We'd probably kill each other.

"I don't want to talk about college right now," Emmett informed me, turning his back on the beer pong table. "How are you at flip cup?"

*****************************************************************************************************

So what did you guys think about Lee's mood swing? Sometimes I think that we forget he's bipolar. What about his outburst towards Kara? Was it deserved? And then a little bit of Lee-Emmett time. What did you think about Emmett's lack of commitment towards college?

The picture up there at the beginning of the chapter was submitted by Ghost_Author. What do you guys think?

So in case you didn't notice, I changed up the cover a little bit. This story talks about a few important factors regarding mental illness, and I decided to show my support to a few campaigns here on Wattpad. So be sure to check out some other stories within those campaigns as well!

I also want to take a moment to talk about one of my characters, Kara.
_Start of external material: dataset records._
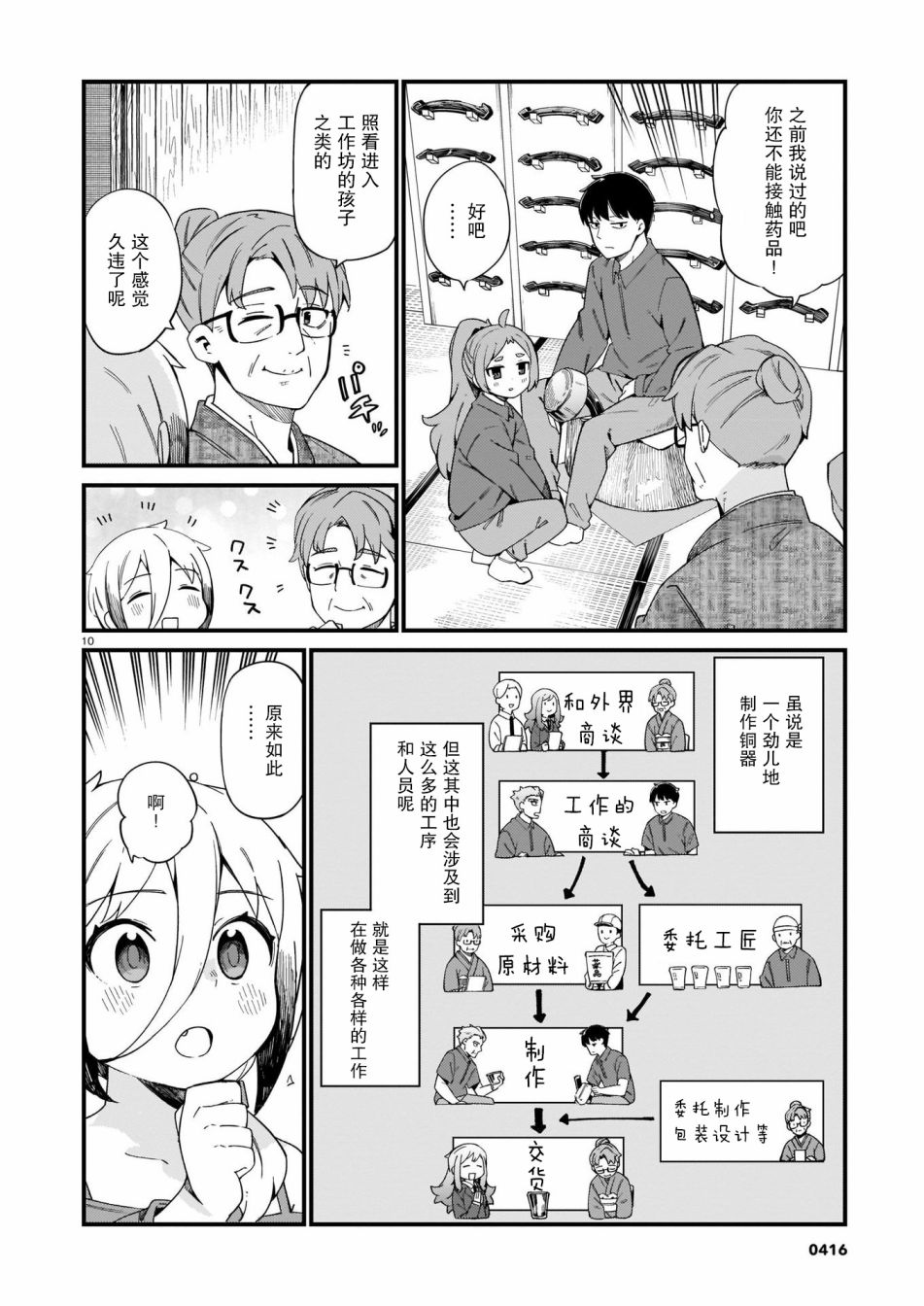 《铜匠的花嫁》漫画最新章节第22话免费下拉式在线观看章节第【10】张图片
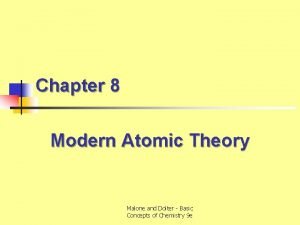 Chapter 8 Modern Atomic Theory Malone and Dolter
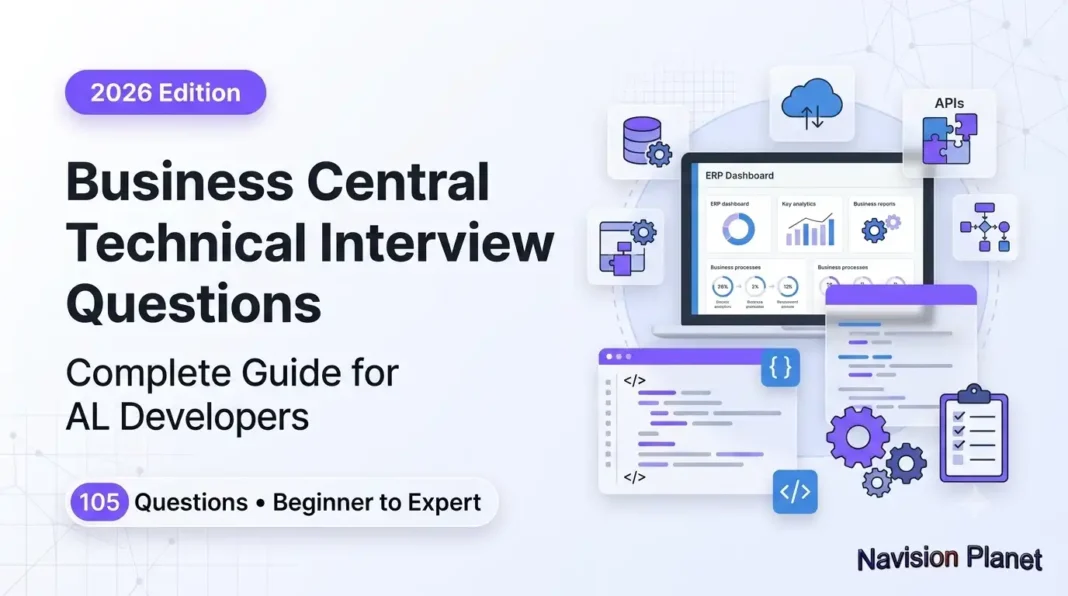 105 Business Central Technical Interview Questions and Answers (2026) + Free Mock Exam Business Central technical interview questions guide for AL developers
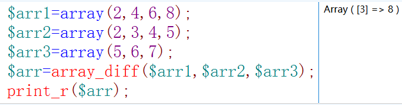 php常用经典函数之数组、字符串、栈、队列、排序的示例分析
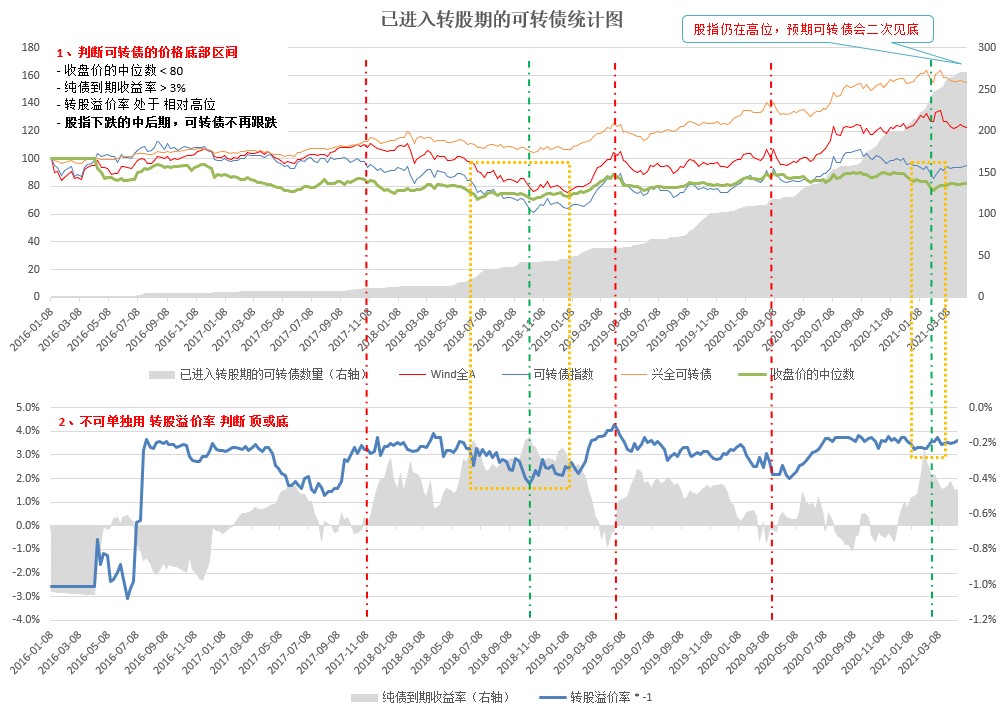 DRAM市场复苏在即！美光科技(MU.US)上调第四财季业绩预期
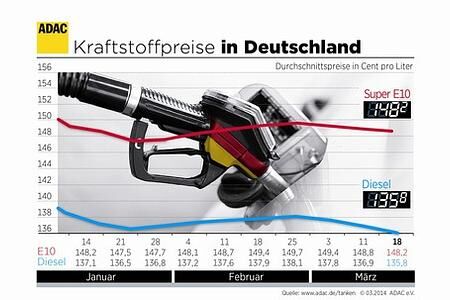 ADAC: Benzin und Diesel etwas billiger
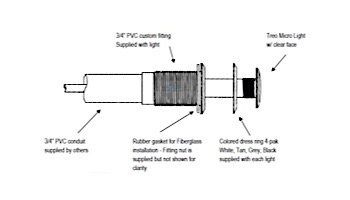 SR Smith Treo Micro FG, Gunite Fitting, 3.4" PVC | FLED-FGGF-TM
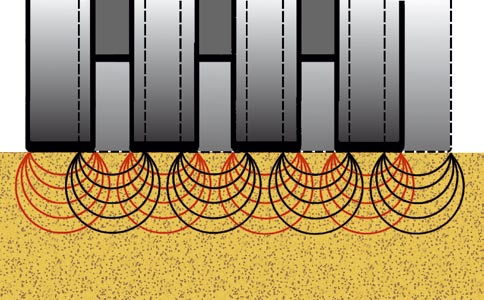 Asphaltbinderschicht Verdichtungswirkung Bodenkontaktdruck und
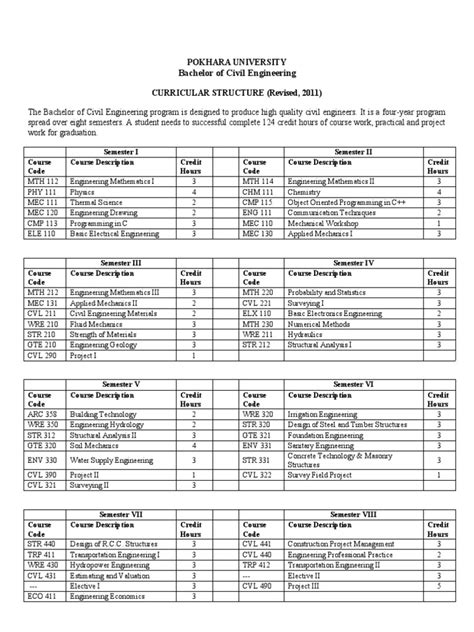 Flow Chart Civil Engineering 的图像结果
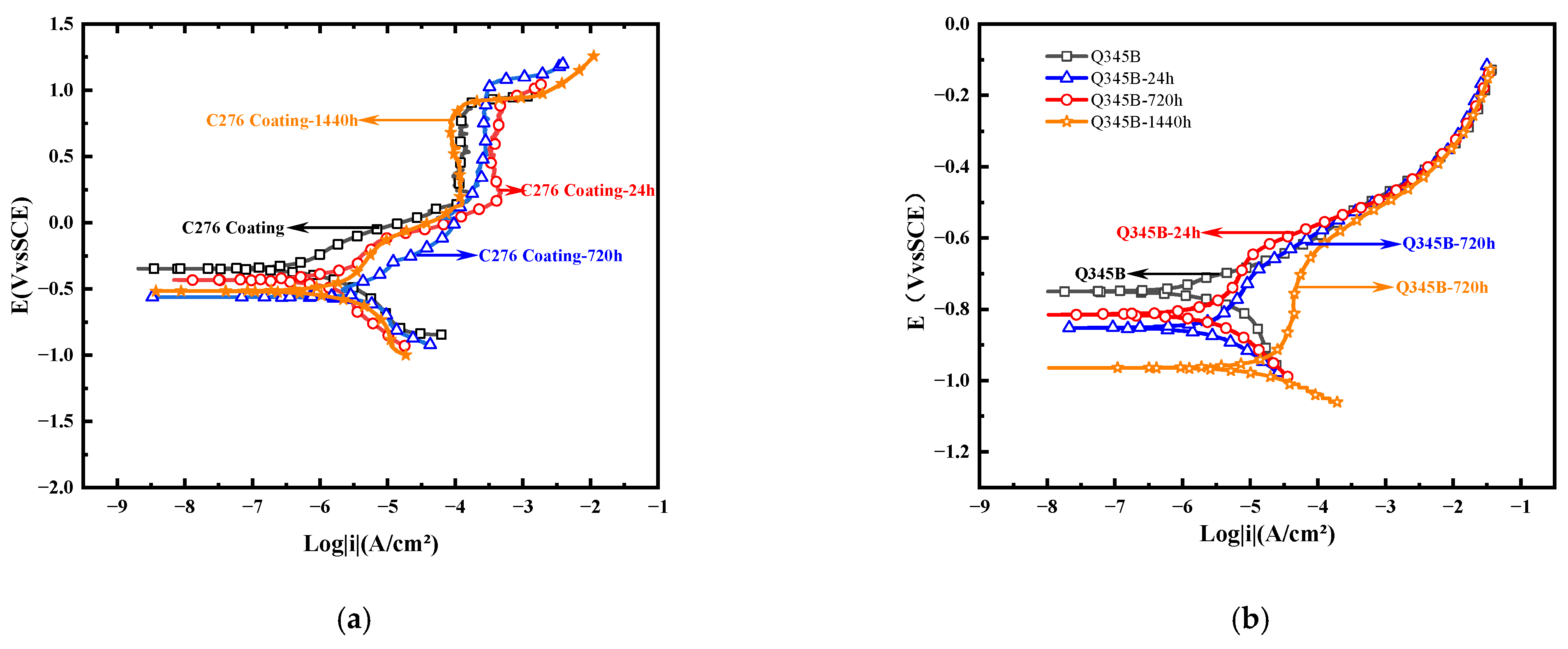 Metals 16 00172 g005 Metals 16 00172 g005
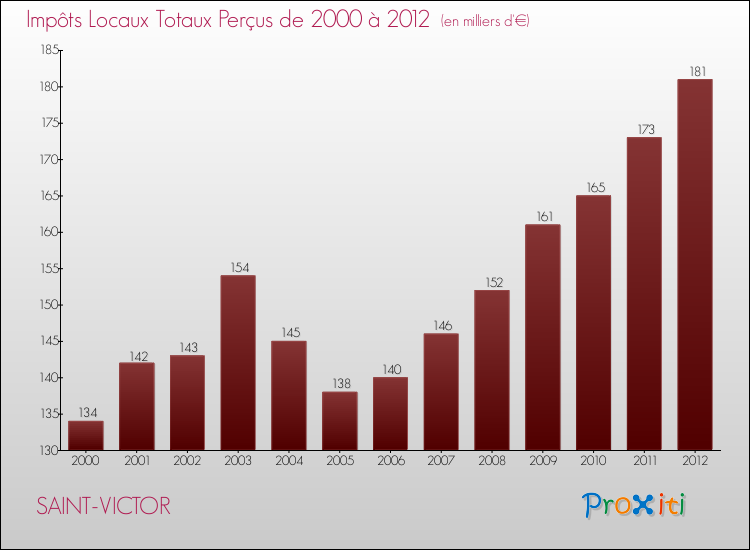 Evolution des Impôts Locaux pour la commune de SAINT-VICTOR de 2000 à 2012 Evolution des Impôts Locaux pour SAINT-VICTOR de 2000 à 2012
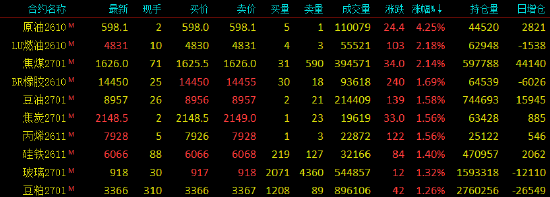 开盘|国内期货主力合约涨多跌少，SC原油涨超4%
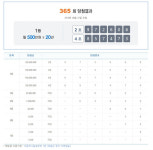 `20년의 행복` 365회 연금복권 1등 당첨번호 `2조972606`번·4조857473`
She's received a lot of hate in the comment section for some of the comments she's made, such as using "bipolar" as an adjective. But newsflash guys, we all do this. I've caught myself doing it, but I'm much, much better about it now. It's just being misinformed is all. And maybe instead of spreading HATE in the comments, we can spread AWARENESS. Because that's generally what it is, people are just misinformed. Just thought I'd throw that out there. Let's all step down off our pedestals and take a look at ourselves before we start condemning others.